Mayor Eric Adams and Gov. Kathy Hochul joined multi-faith leaders Tuesday night at Bryant Park for a prayer vigil for the four victims killed during madman Shane Tamura’s rampage at a Midtown skyscraper. James Keivom
NYPD officer Didarul Islam, security guard Aland Etienne, Blackstone executive Wesley Lepatner and Rudin Management associate Julia Hyman were all shot and killed by Tamura on Monday night at 345 Park Ave. before he turned the gun on himself.
Islam leaves behind his expecting wife and two young boys. Lepatner and Etienne also had two children, respectively.

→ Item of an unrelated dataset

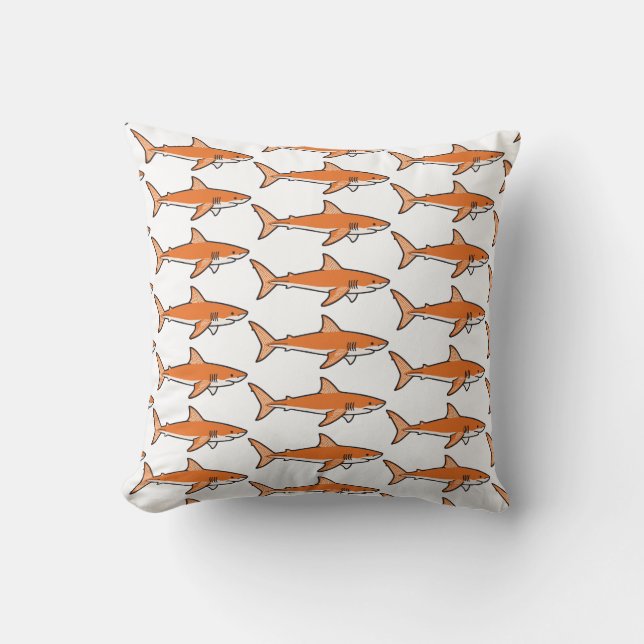 Oranje Haai Kussen (Voorkant)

“To lose a child, it is one of the most abnormal things that can happen in our society. Children are supposed to bury their parents. Parents are not supposed to bury their children,” Adams said at the vigil.
Adams shakes hands with Hochul during a Tuesday night vigil at Bryant Park. James Keivom
Adams noted that he feels “personally responsible” for “what happened to each of the victims” as he asserted that it is his responsibility to keep New Yorkers safe under the oath he signed at the start of his term.
Hochul revealed that she spoke with many of the victims’ family members, including Islam’s widowed wife who simply asked the community to “pray for them.”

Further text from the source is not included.